In Ohio, Ohio Revised Code §2315.01 mandates that an opening statement be made by both the plaintiff and defendant. Under case law construing that section, however, a defendant may move the court for permission to defer its opening statement until the conclusion of plaintiff’s’ evidence. That decision lies within the discretion of the court, who has authority to control the procedures applicable to the order of a jury trial under §2315.01. Schultz v. National Revenue Corp., 2000 Ohio App. LEXIS 5241 (Ohio Ct. App., Franklin County Nov. 14, 2000).
It is difficult to imagine a situation where a party, either plaintiff or defendant, would find it advantageous to waive making an opening statement. Because trials are conducted to see which viewpoint of a disputed set of facts the jury will accept as true, making an effective opening statement gives you a head start over your opponent.

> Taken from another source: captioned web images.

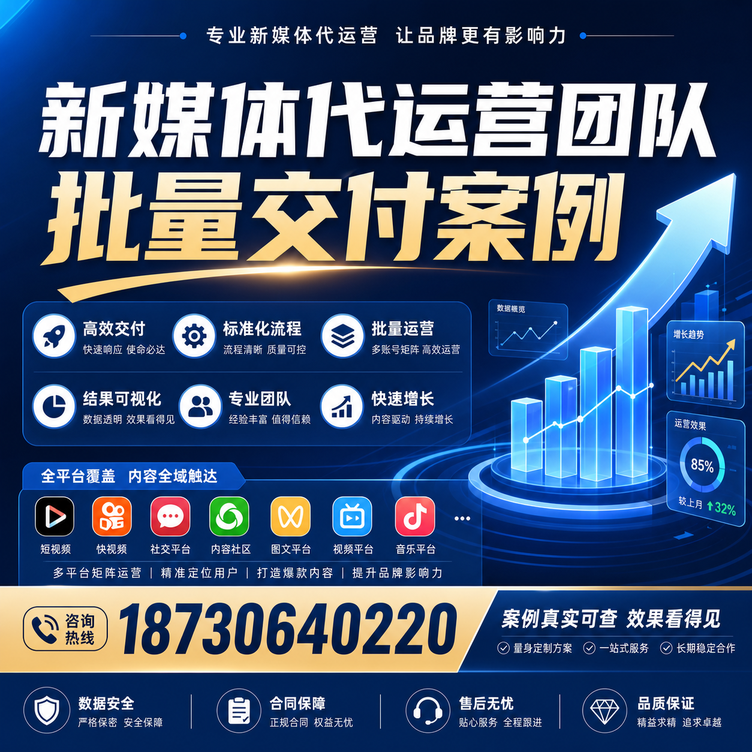 宜春代运营公司多客户账号批量高效交付案例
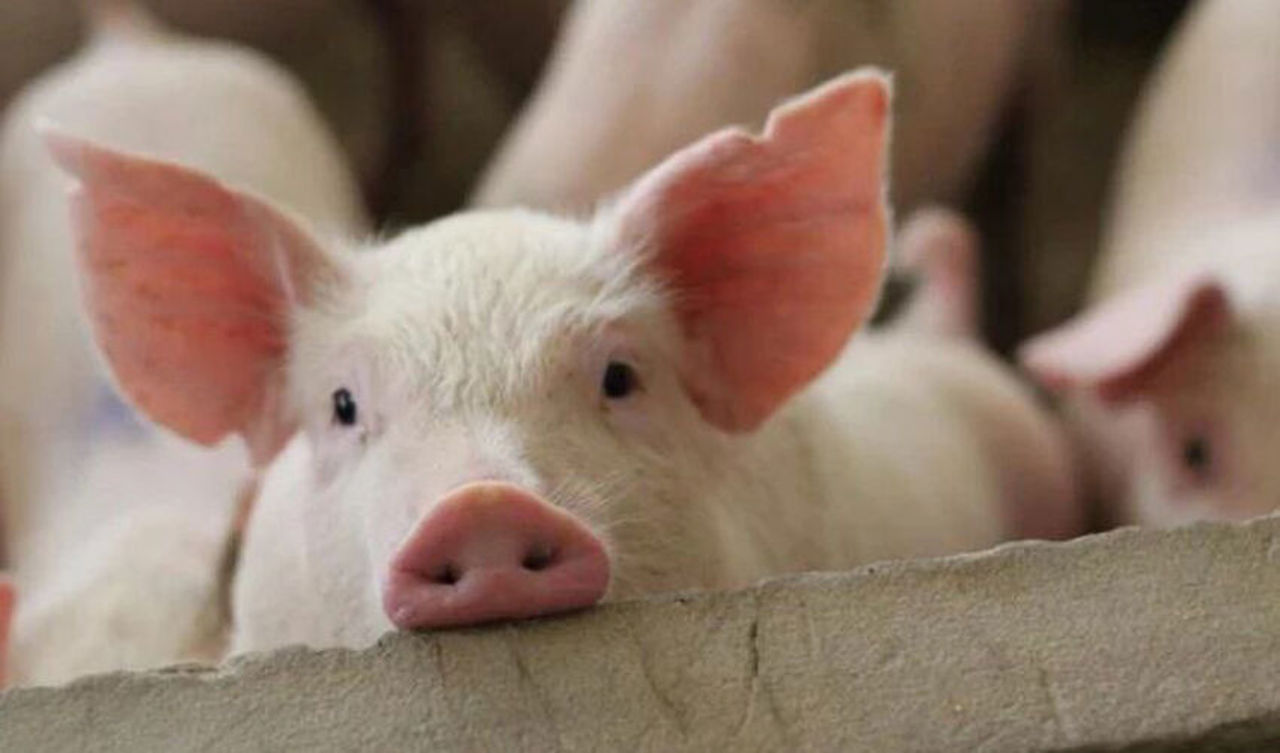 Caz de pestă porcină africană, confirmat în raionul Orhei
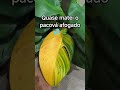 Eu fico com sede e dou água pra planta tbem, coitada. #planta # vida real #plantapermanente #folhas
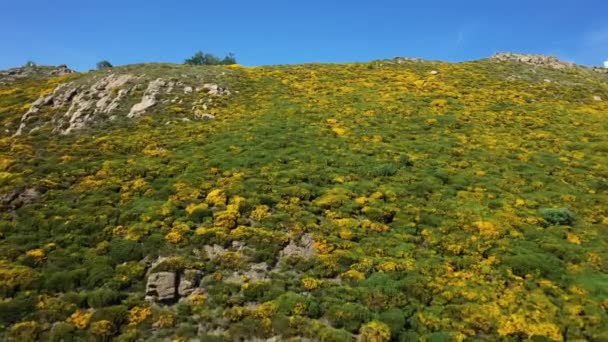 Ein Felsiger Hügel Blüht Und Grünt Europa Frankreich Ardeche Sommer — Stockvideo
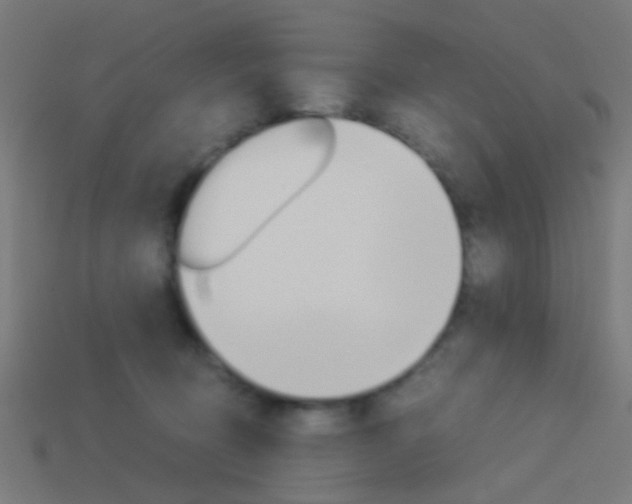 X0000114150370200910081118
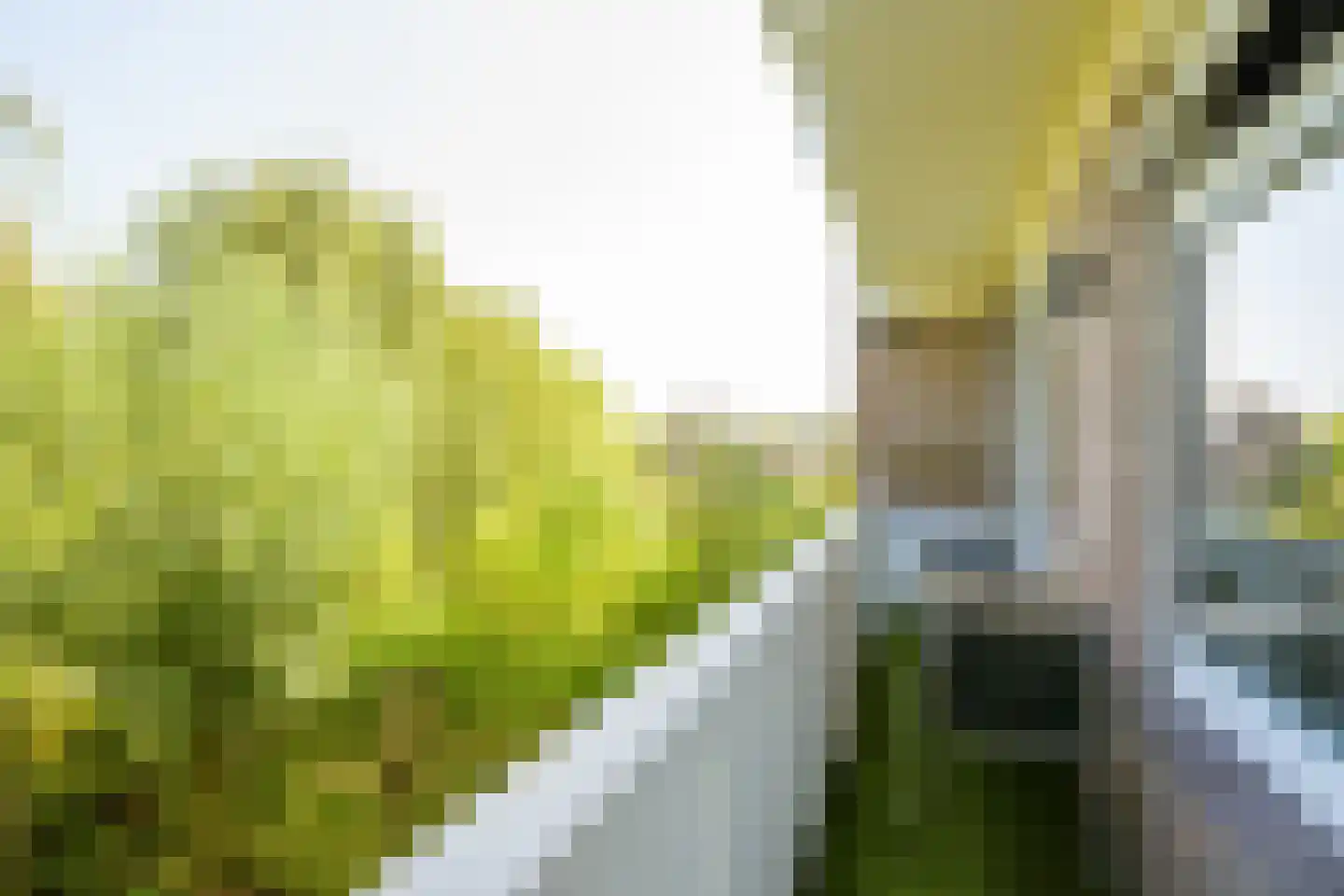de Wetstraat 10 A Breda thumbnail 29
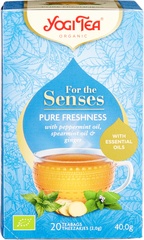 FTS Pure freshness - pepermunt gember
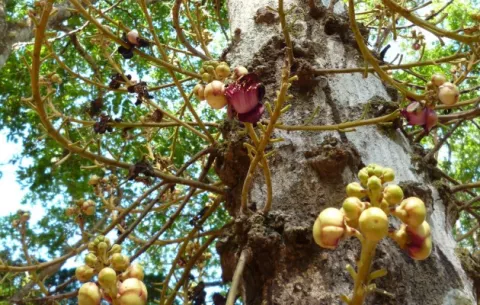 En Veraguas mantienen la tradición de recoger flores de granadillo en Semana Santa
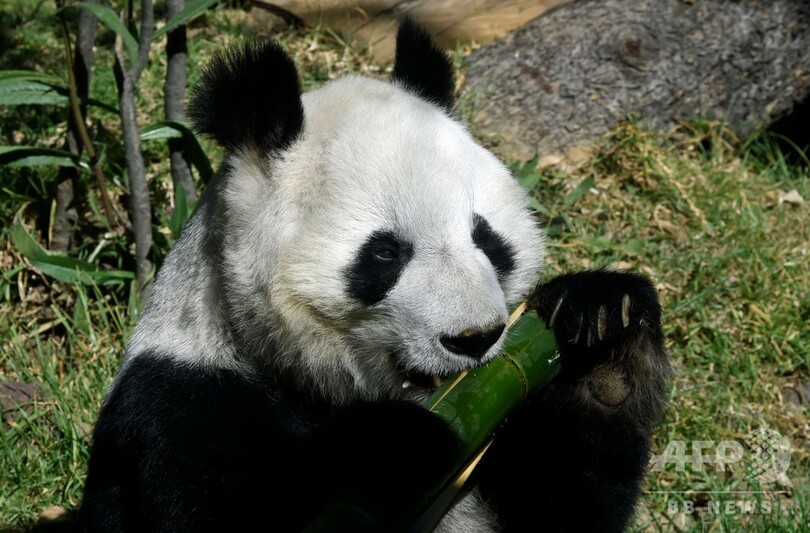 世界で2頭だけ 中国に所有権のないメキシコのパンダたち 写真枚 国際ニュース Afpbb News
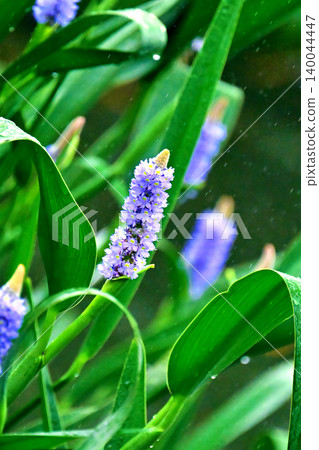 長葉鳳眼藍、長葉鳳眼藍、水葫蘆(Pontederia cordata) 長葉鳳眼藍、長葉鳳眼藍、水葫蘆(Pontederia cordata) 140044447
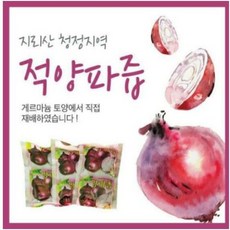 산수원양파즙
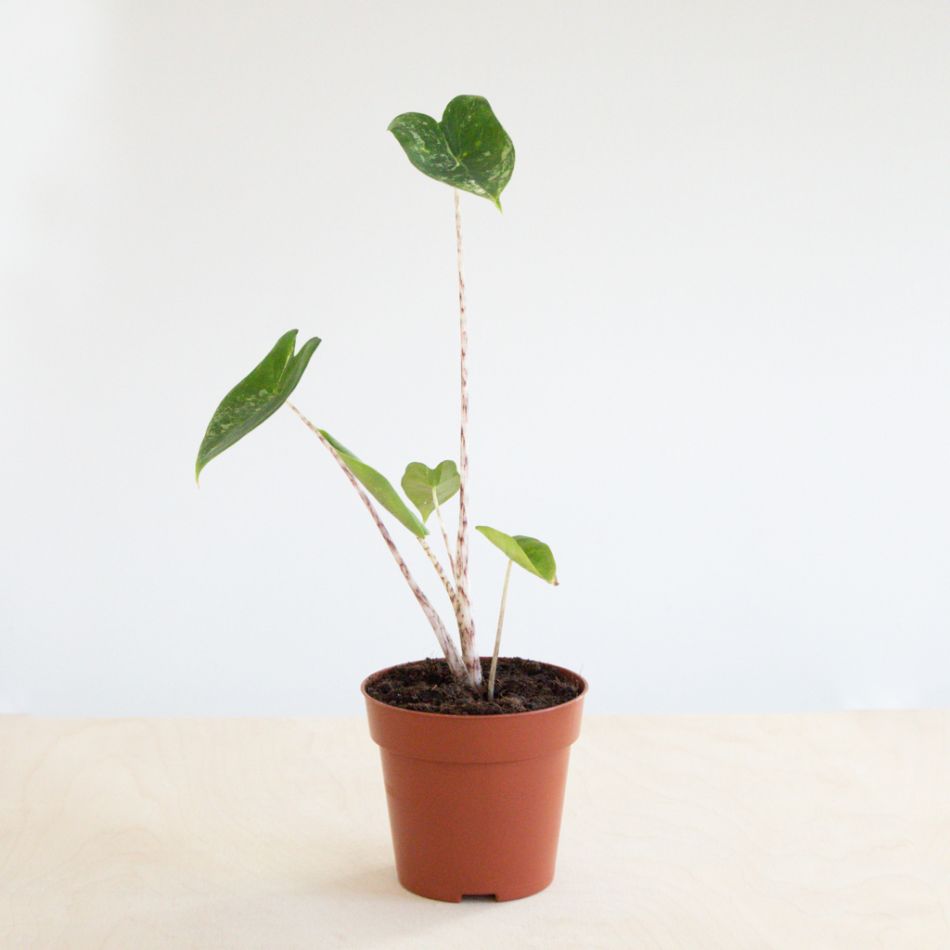 Alocasia Zebrina Variegata
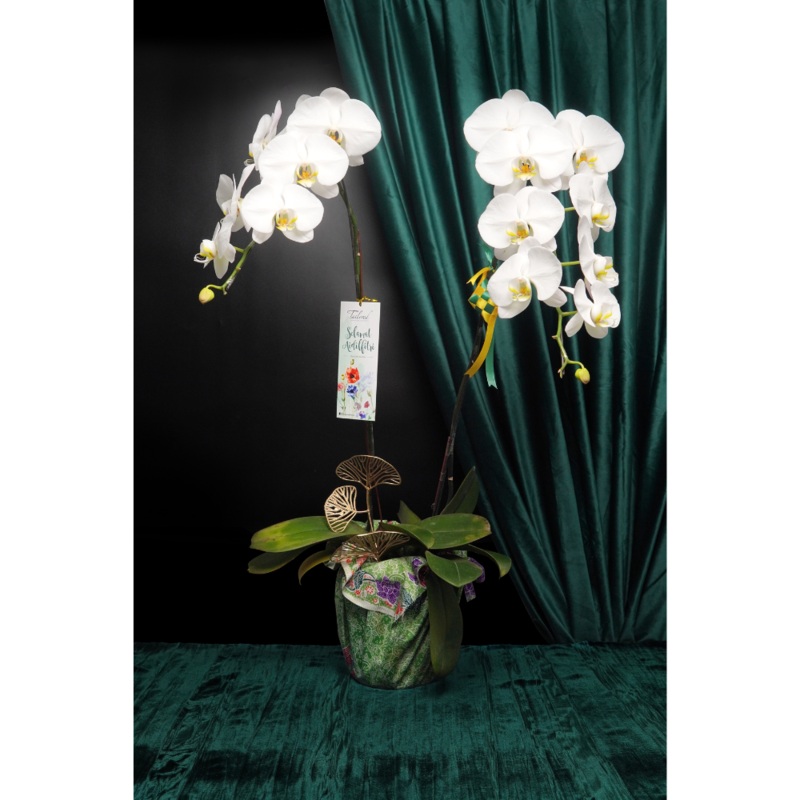 Raya Blessings Orchid 2 Stalks (Klang Valley Delivery)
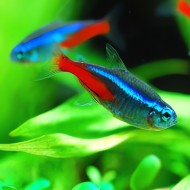 Cá Neon cảnh đẹp dễ nuôi cho hồ cá thủy sinh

A defendant, however, would seem to have a more realistic decision to make: if permissible, should he make an opening statement immediately after the plaintiff, or should he reserve it for the defense case in chief? Most defendants open immediately after the plaintiff. Reserving the opening statement means that plaintiff’s version of the facts will go unchallenged for, perhaps, a long period of time. Coupled with a strong case in chief, the plaintiff may well have convinced the jury before the defense gets a chance to tell its side of the case.
Nevertheless, some defense lawyers may prefer to reserve opening statements because they will have the benefit of hearing the plaintiff’s evidence before deciding exactly what to say. However, reserving the defendant’s opening statement necessarily creates the impression that you did not have a defense, so you waited to see what the plaintiff’s case looked like before devising one.
Nonetheless, the defendant should at least consider reserving his opening statement where he has a strong case and there are significant strategic advantages in that approach. This situation would exist where a strong affirmative defense exists and, perhaps because of poor or incomplete discovery, the plaintiff has not uncovered all of what the defense evidence will be. Reserving the opening statement in such a situation will prevent the plaintiff from altering its case in chief to blunt the anticipated defense. The defendant might also reserve his opening statement when he has more than one defense to raise, and cannot make up his mind which one to raise until he has heard the plaintiff’s case in chief.
In my recent jury trial, the judge denied my motion to defer my opening statement, making the issue essentially moot. Nevertheless, the exercise of making that decision is one that any litigator should not take lightly when preparing for a jury trial.